Oracle’s Cloud Soars 34% to $7.98B, Infrastructure Explodes 68% to $4.08B

Oracle just posted numbers that should make its competitors sweat. The legacy tech giant isn't just holding its ground—it's accelerating.
Cloud Revenue Hits Escape Velocity
The headline grabber is a 34% surge in cloud revenue, pushing the total to a staggering $7.98 billion. That's not just growth; it's a statement of intent in the brutally competitive cloud arena.
Infrastructure Goes Hyperdrive
Even more eye-popping is the performance of its infrastructure segment. It rocketed 68% to $4.08 billion, suggesting Oracle is successfully capturing enterprise demand for core computing power and storage, bypassing the slower, more consultative sales cycles of old.
The results cut through the market noise, proving that established players can still innovate—and monetize—at scale. It's the kind of quarter that gets analysts upgrading their models and short-sellers scrambling for cover. Of course, on Wall Street, today's growth story is just tomorrow's baseline expectation—and the beat goes on.
Investors question spending as data center build speeds up
Oracle built its cloud push on its old database base and then chased bigger names in modern computing. The current expansion is tied tightly to a large data center build meant to support AI workloads for OpenAI.
Major platform clients also include TikTok under ByteDance and Meta Platforms. These customers help explain the surge in infrastructure demand even as questions grow about the cost of keeping those sites running nonstop.
Spending pressure showed up clearly in the quarter. Capital expenditures reached about $13 billion, up from $8.5 billion in the prior period. Back in September, the company projected full-year capital spending of $35 billion. Analysts had modeled only $8.25 billion for the latest quarter, which widened the gap between expectations and what was actually spent. The higher outlay reflects land, power, hardware, and network commitments tied to multiple new locations leased to expand computing capacity. These sites are meant to meet AI demand that has not yet fully turned into recognized sales on books.

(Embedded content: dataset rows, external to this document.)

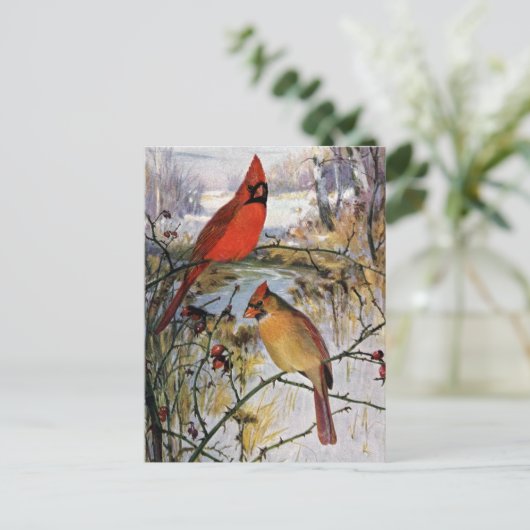 Kardinal im Winter Postkarte (Stehend Vorderseite)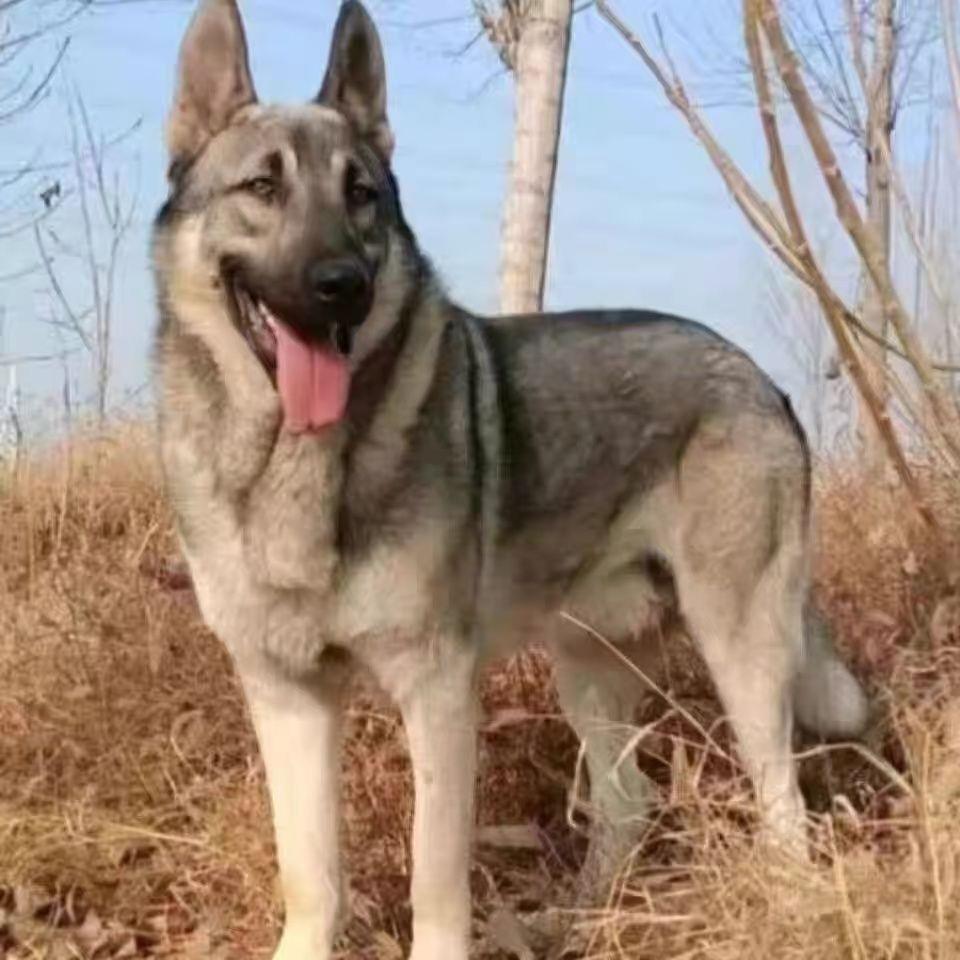 狼青家养昆明犬宠物狗狗幼崽黑狼青犬看家护院大型犬狼狗幼小狼狗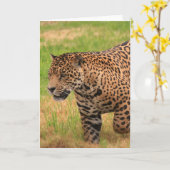 Carte de voeux de Jaguar (Fleur jaune)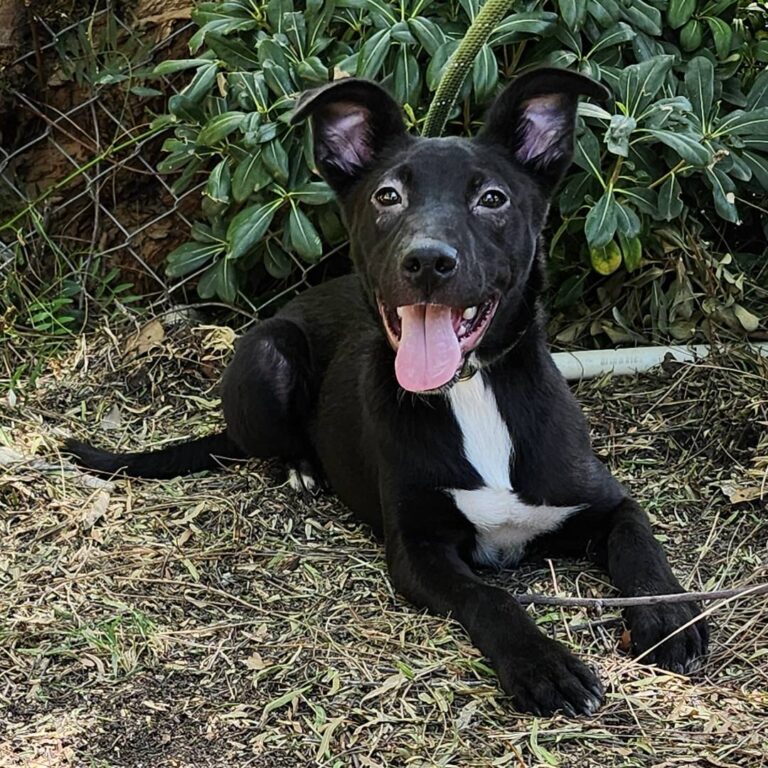 Adoptable Dog Smoochy Poo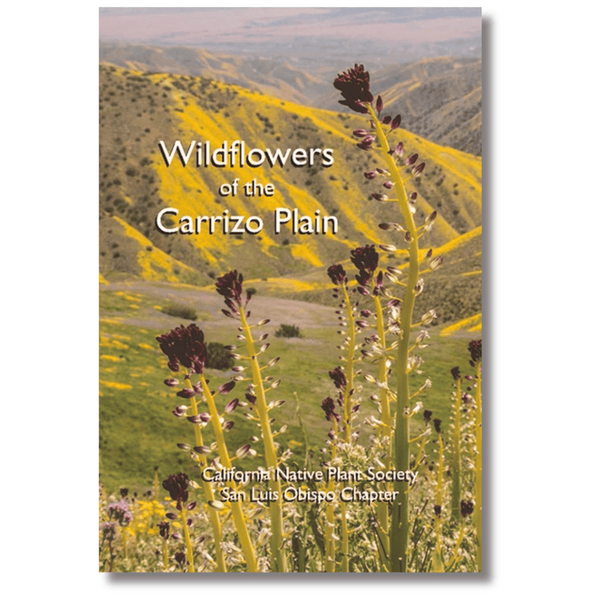 Wildflowers of the Carrizo Plain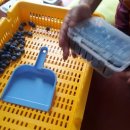 미운오리농장 이미지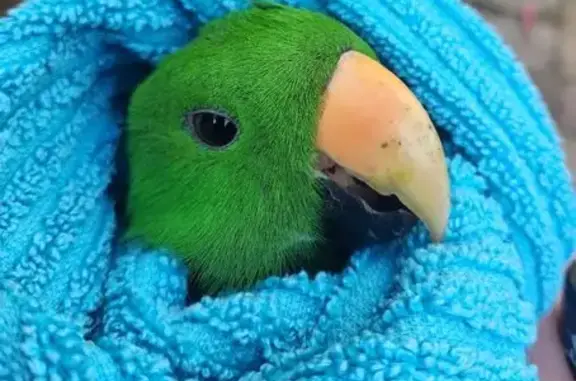 Lost Bird, Hawkesbury City Council, New South Wales, Sydney – male Eclectus parrot with a yellow beak - photo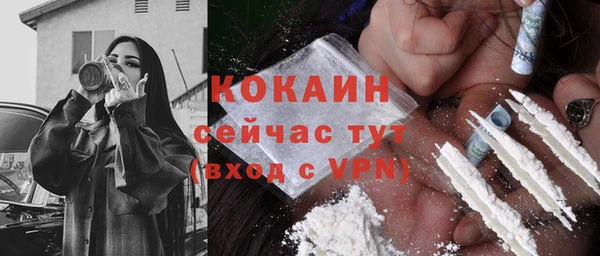 индика Инта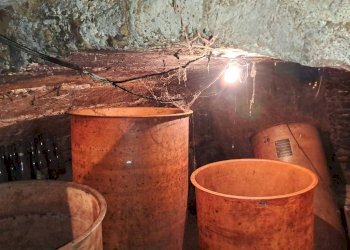 Casale Bagnolo Piemonte - photo 17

CEO Clay Magouyrk said, “Oracle is good at building and running high-performance and cost-efficient cloud data centers,” adding that automation lets more sites be built and operated at scale. The stock dropped five percent in extended trading after closing at $223.27 in New York. Shares are down about one-third since September 10, when excitement around the cloud unit pushed the company to a record high. This report was also the first since Safra Catz handed the chief executive role to Magouyrk and Mike Sicilia.